Work required |
Please print the line that holds "Yeşil Am/fm Radyo" and each line after it to the end of the data, word for word, without any pictures.

Source data |
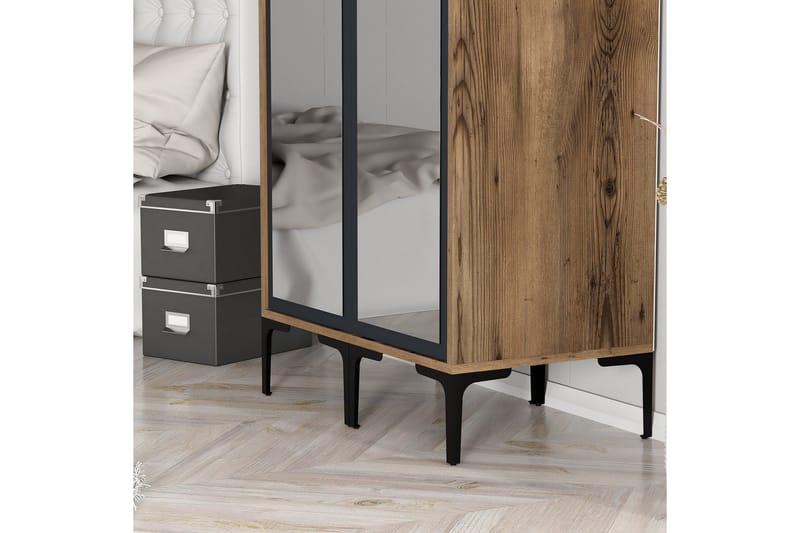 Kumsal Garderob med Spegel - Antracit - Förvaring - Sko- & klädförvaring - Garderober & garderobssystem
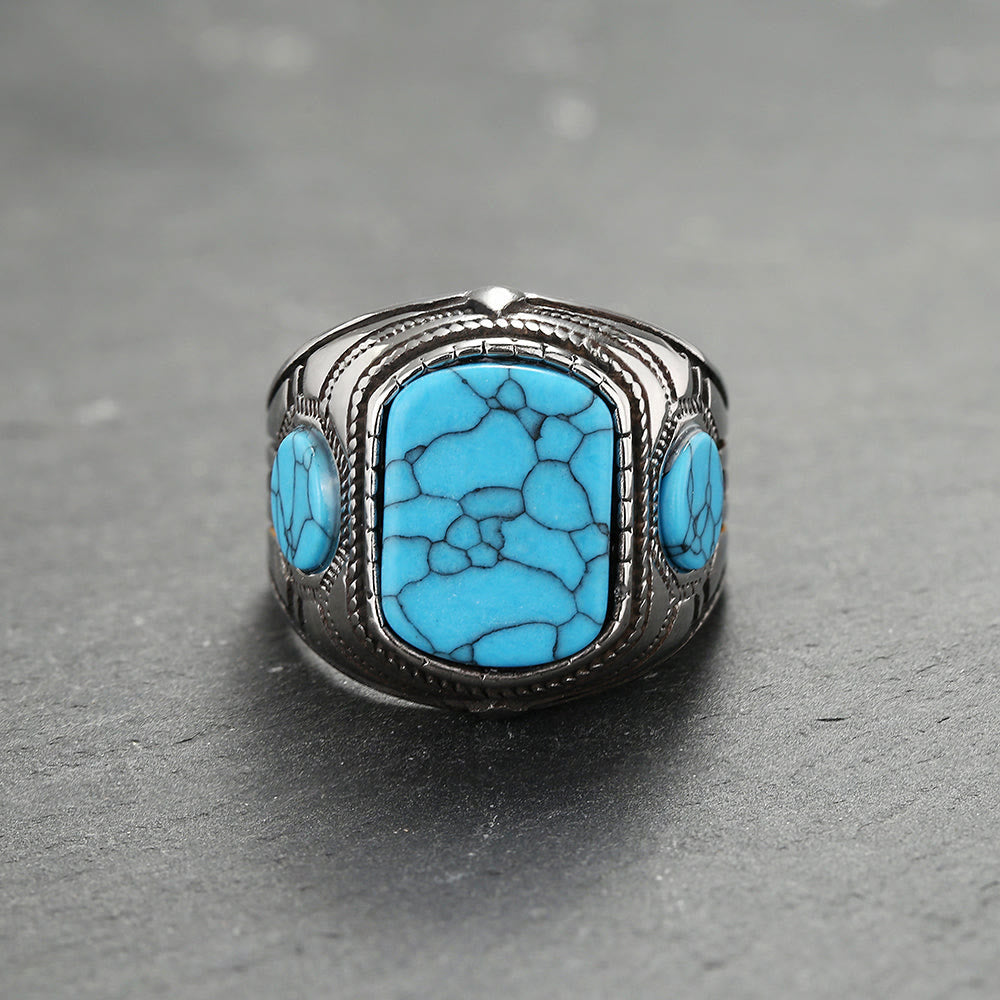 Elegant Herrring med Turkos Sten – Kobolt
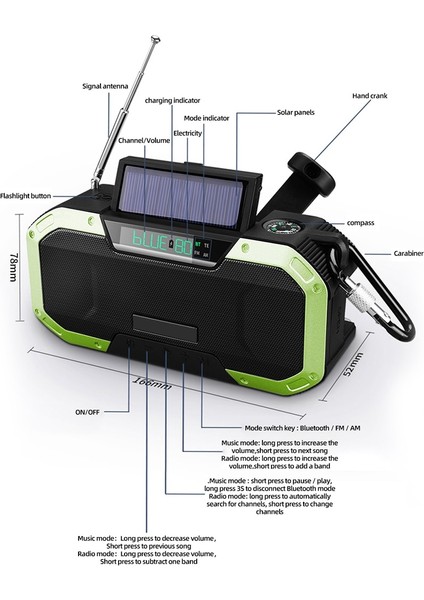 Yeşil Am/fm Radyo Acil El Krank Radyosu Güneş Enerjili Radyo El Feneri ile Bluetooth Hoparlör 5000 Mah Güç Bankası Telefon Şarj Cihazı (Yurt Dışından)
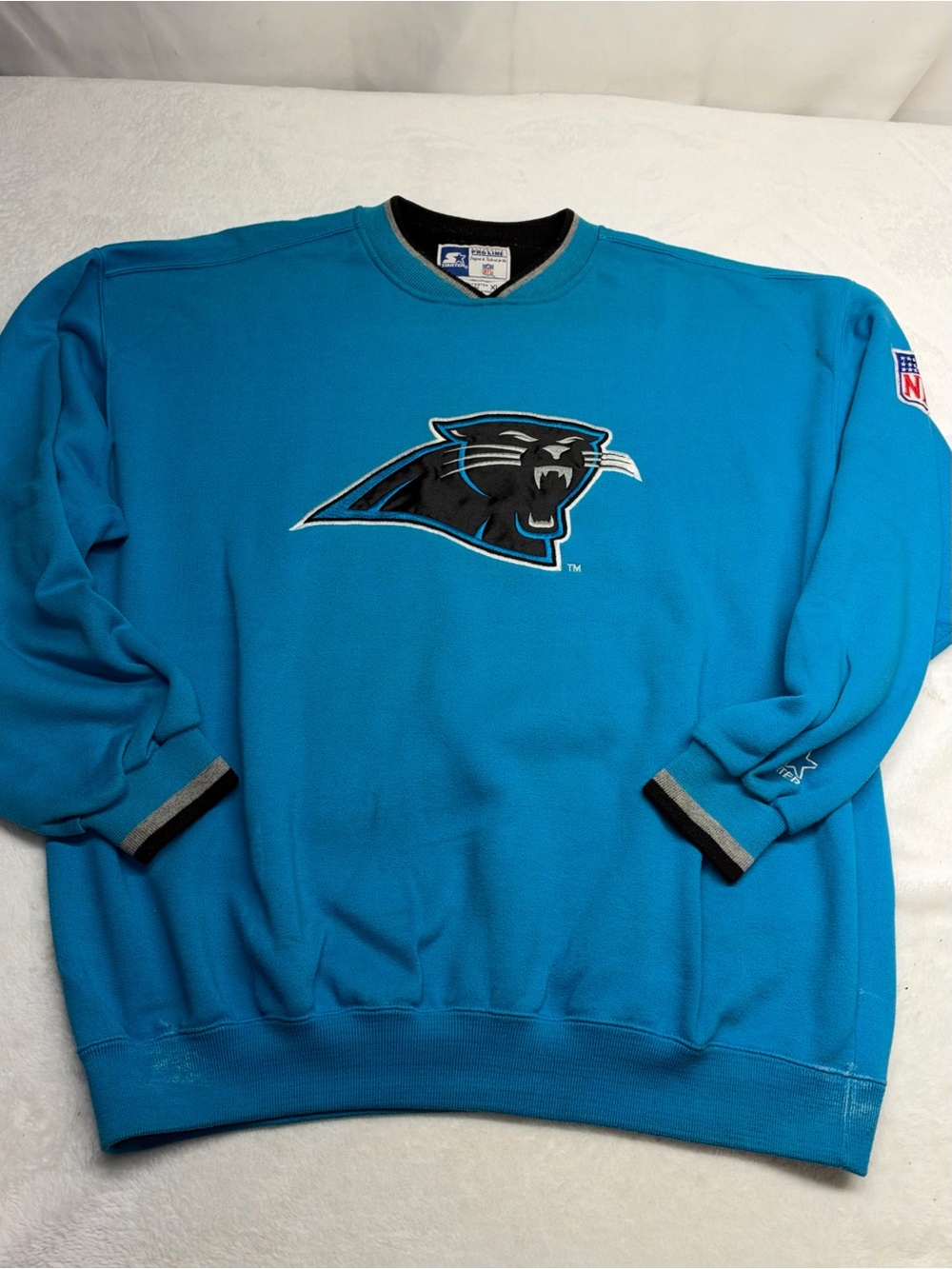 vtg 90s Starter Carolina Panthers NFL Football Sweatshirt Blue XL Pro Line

Reply |
 Yeşil Am/fm Radyo Acil El Krank Radyosu Güneş Enerjili Radyo El Feneri ile Bluetooth Hoparlör 5000 Mah Güç Bankası Telefon Şarj Cihazı (Yurt Dışından)
 vtg 90s Starter Carolina Panthers NFL Football Sweatshirt Blue XL Pro Line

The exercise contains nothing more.